Data shown ->

########

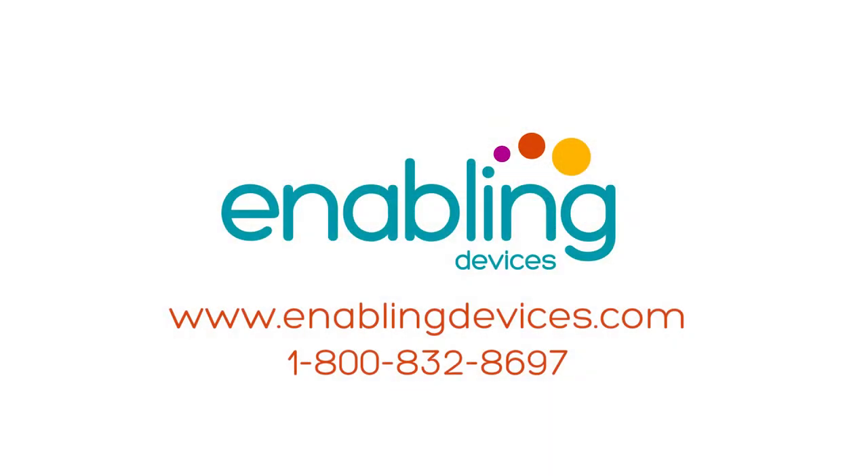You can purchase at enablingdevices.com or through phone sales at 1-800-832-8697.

########

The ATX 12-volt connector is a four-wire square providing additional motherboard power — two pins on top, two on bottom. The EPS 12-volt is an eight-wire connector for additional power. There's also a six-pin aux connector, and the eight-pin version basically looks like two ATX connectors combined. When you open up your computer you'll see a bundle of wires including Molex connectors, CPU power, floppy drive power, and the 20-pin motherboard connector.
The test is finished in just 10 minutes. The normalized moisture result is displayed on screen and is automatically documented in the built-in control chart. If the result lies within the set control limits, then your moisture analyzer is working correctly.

########

The problem ->
From the data, report how many lines hold "your", leaving out any other words.

Exercise response ->
2